KLDiv loss reduction

Aryan_Asadian · January 17, 2021, 5:53pm

Hi,

In torch.nn.KLDivLoss, when I set “reduction = mean”, I receive this warning:

UserWarning: reduction: ‘mean’ divides the total loss by both the batch size and the support size.‘batchmean’ divides only by the batch size, and aligns with the KL div math definition.‘mean’ will be changed to behave the same as ‘batchmean’ in the next major release.
warnings.warn(“reduction: ‘mean’ divides the total loss by both the batch size and the support size.”

What does Support size mean in this context?

InnovArul · January 17, 2021, 7:28pm

“Support size” refers to the dimension of the probability vector.

For example, if x, y are of dimension B x D (batch size = B, support size = D),

F.kl_div(x, y, reduction='mean') * D is equal to (F.kl_div(x, y, reduction='batchmean')

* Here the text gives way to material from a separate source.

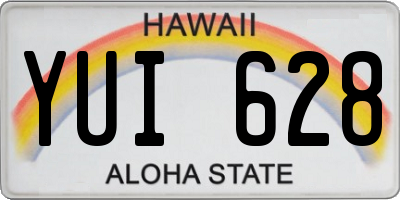 HI license plate YUI628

Aryan_Asadian · January 17, 2021, 7:57pm

Thank you for your reply. Does this “mean” reduction in KLDivLoss is equal to the functionality of “mean” in CrossentropyLoss as well?
In the documentation for torch.nn.CrossEntropyLoss it has mentioned :

'mean': the weighted mean of the output is taken

InnovArul · January 18, 2021, 5:34am

In my understanding, batchmean of KLDiv is similar to the mean of CrossEntropyLoss.

karl7 · May 14, 2021, 9:21am

hi, @InnovArul , i also met this warning in computing kl loss, do i need to set the reduction to ‘none’ to avoid this warning? or just ignore it? which is the right way?

InnovArul · May 17, 2021, 10:04pm

In my experience, for most cases, reduction='batchmean' would suffice.